**Supplied material**
================================

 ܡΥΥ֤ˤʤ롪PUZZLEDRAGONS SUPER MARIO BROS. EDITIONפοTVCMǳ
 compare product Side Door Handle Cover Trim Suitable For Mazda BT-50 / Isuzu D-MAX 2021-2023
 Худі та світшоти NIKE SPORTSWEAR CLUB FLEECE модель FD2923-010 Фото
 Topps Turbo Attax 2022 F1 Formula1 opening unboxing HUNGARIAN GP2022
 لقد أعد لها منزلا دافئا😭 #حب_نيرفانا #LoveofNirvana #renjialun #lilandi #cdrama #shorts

================================

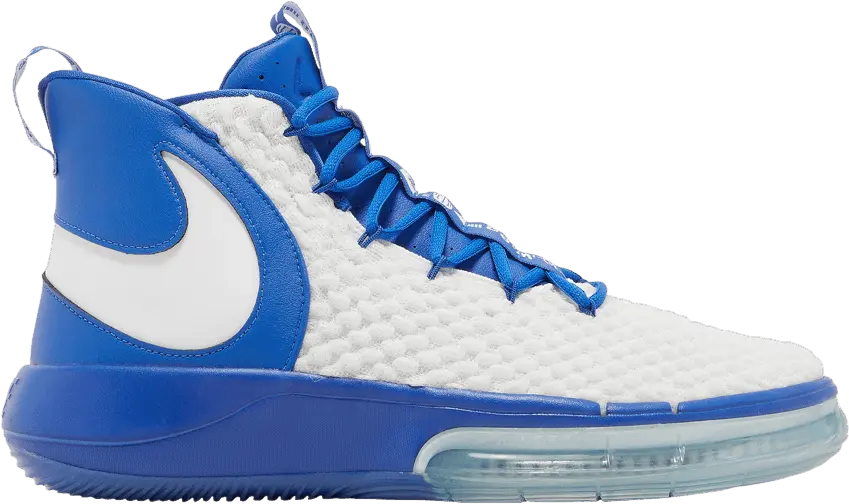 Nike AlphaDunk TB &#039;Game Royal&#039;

================================

**What to do**
Beginning with the line holding "Худі та світшоти" and ending with the line holding "لقد أعد لها", write out the stretch of material above exactly; add no further lines.

**Answer box**
 Худі та світшоти NIKE SPORTSWEAR CLUB FLEECE модель FD2923-010 Фото
 Topps Turbo Attax 2022 F1 Formula1 opening unboxing HUNGARIAN GP2022
 لقد أعد لها منزلا دافئا😭 #حب_نيرفانا #LoveofNirvana #renjialun #lilandi #cdrama #shorts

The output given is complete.